EXERCISE MATERIALS -
----------

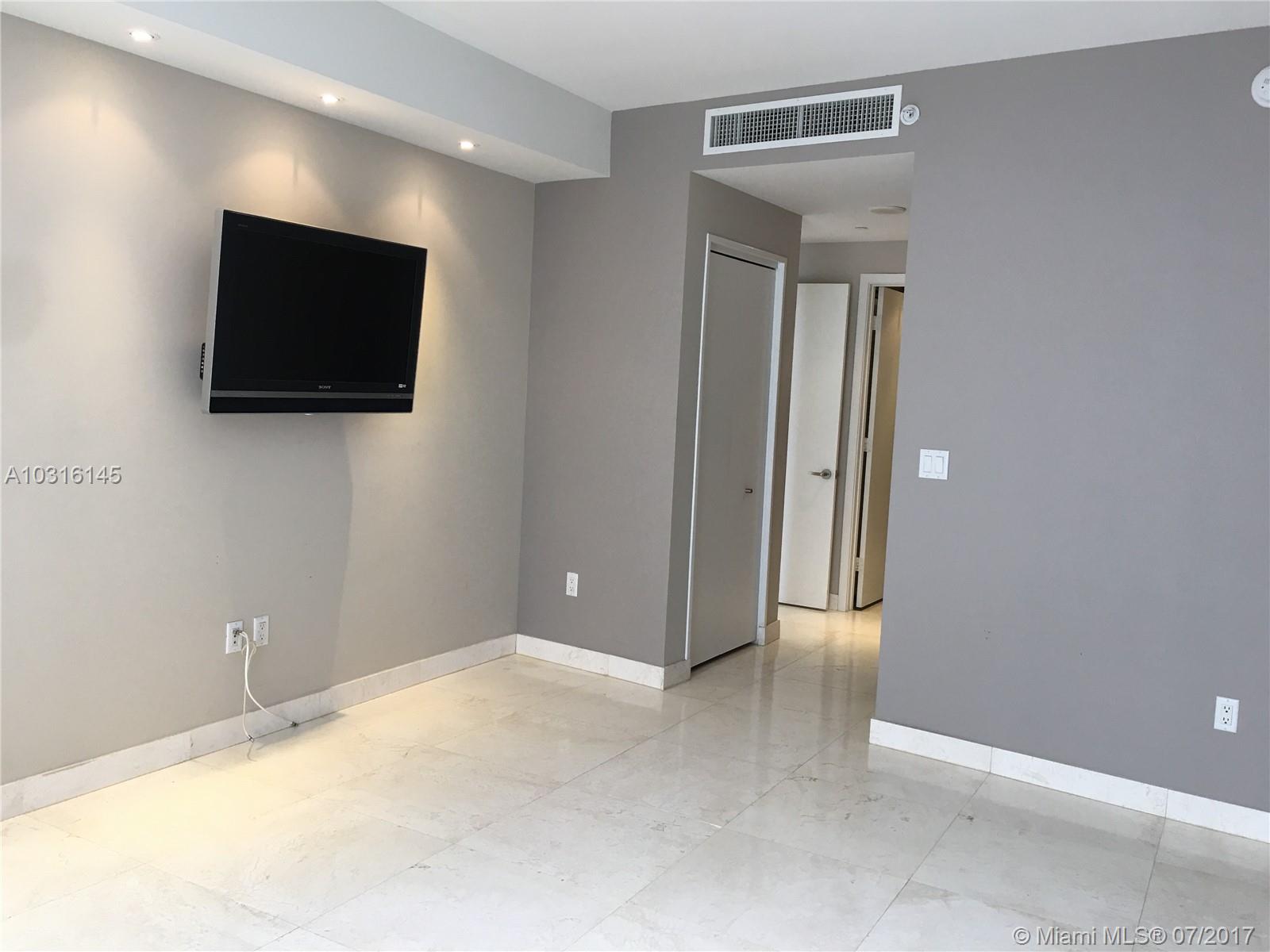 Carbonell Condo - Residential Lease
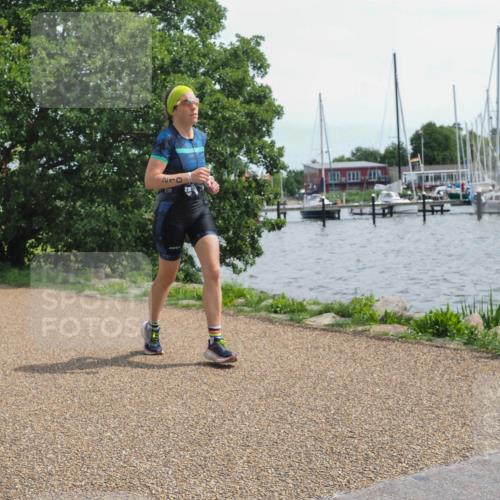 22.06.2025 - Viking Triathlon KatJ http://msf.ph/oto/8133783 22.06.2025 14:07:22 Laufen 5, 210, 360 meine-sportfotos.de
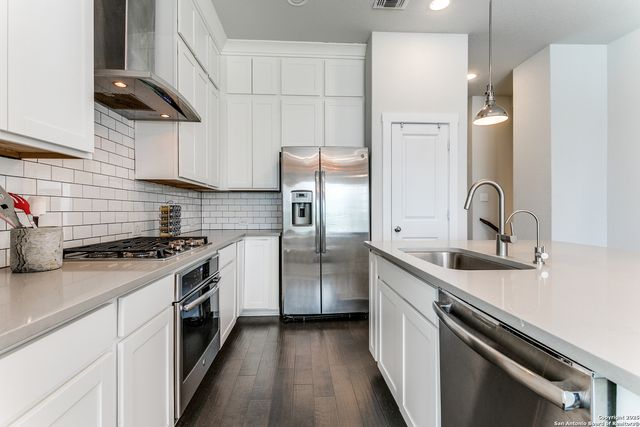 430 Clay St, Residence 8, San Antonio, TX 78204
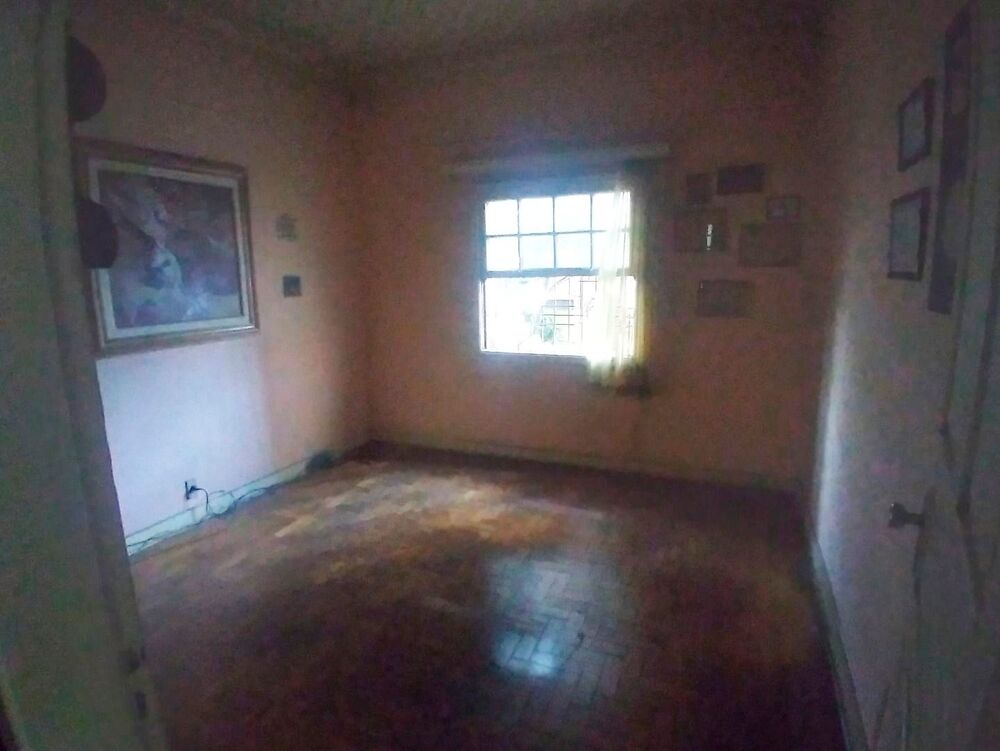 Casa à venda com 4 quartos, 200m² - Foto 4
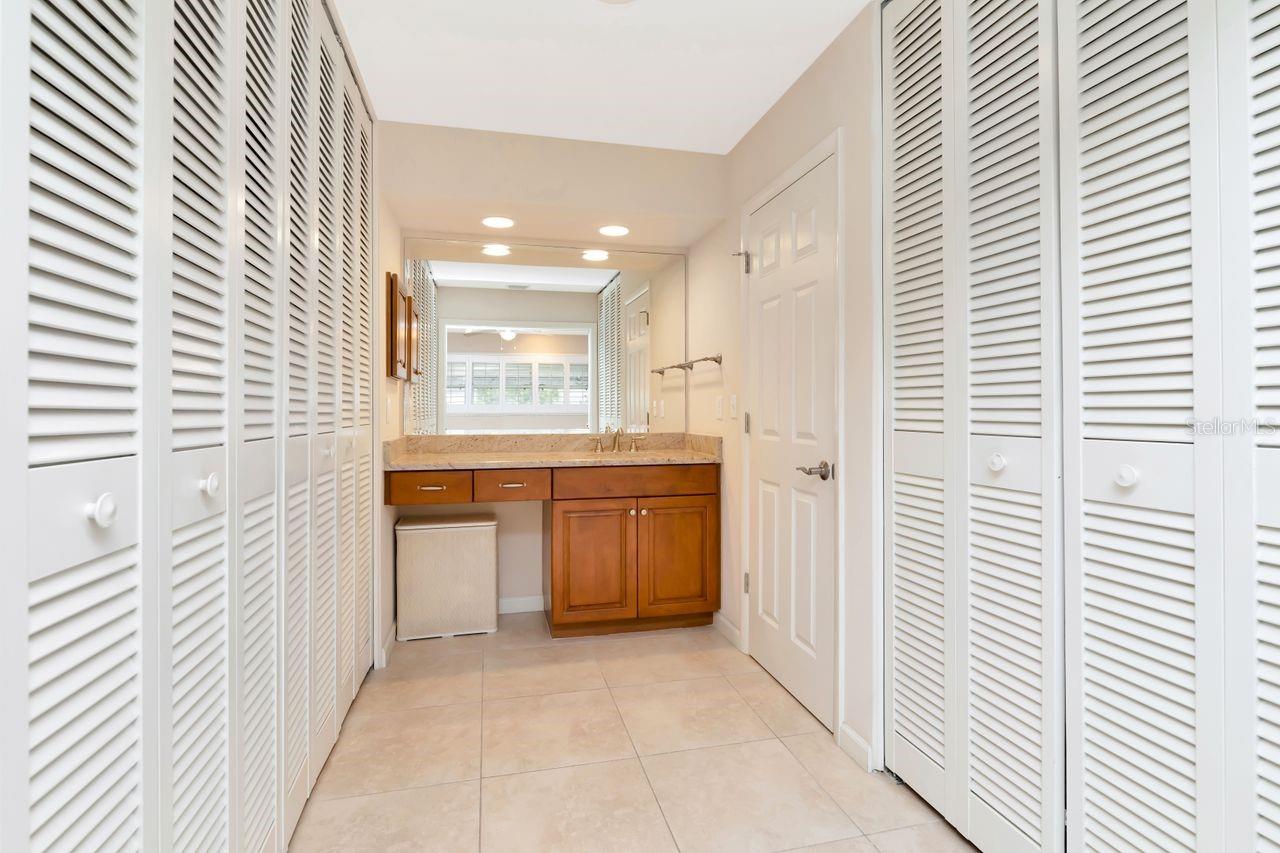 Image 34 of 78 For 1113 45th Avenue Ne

----------

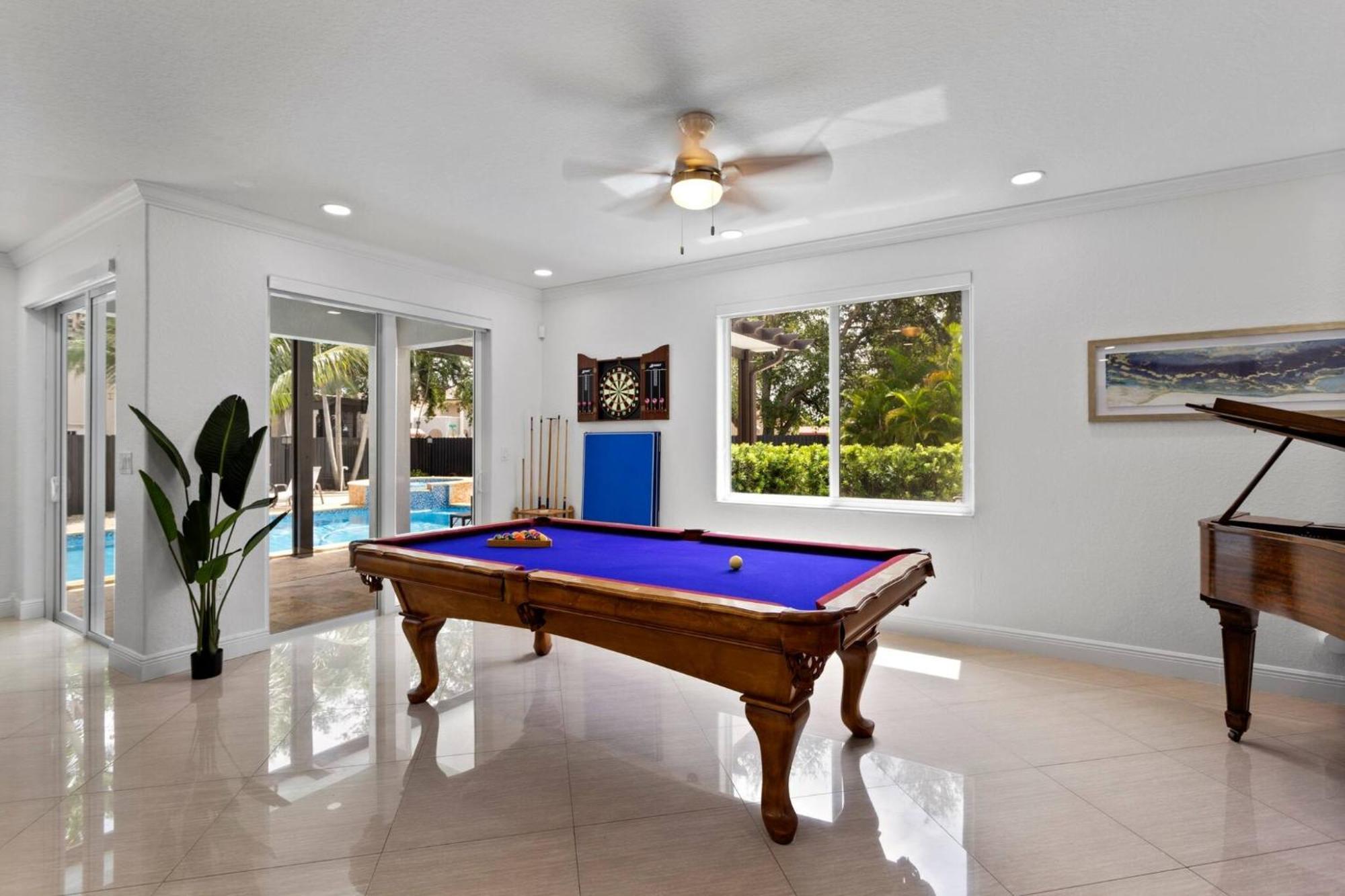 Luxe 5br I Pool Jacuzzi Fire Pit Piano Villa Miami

----------

Give back exactly the lines above from the one with "22.06.2025 - Viking" through the one with "Image 34 of 78 For 1113 45th Avenue Ne", both included. Pictures don't belong in the copy.

RESPONSE -
 22.06.2025 - Viking Triathlon KatJ http://msf.ph/oto/8133783 22.06.2025 14:07:22 Laufen 5, 210, 360 meine-sportfotos.de
 430 Clay St, Residence 8, San Antonio, TX 78204
 Casa à venda com 4 quartos, 200m² - Foto 4
 Image 34 of 78 For 1113 45th Avenue Ne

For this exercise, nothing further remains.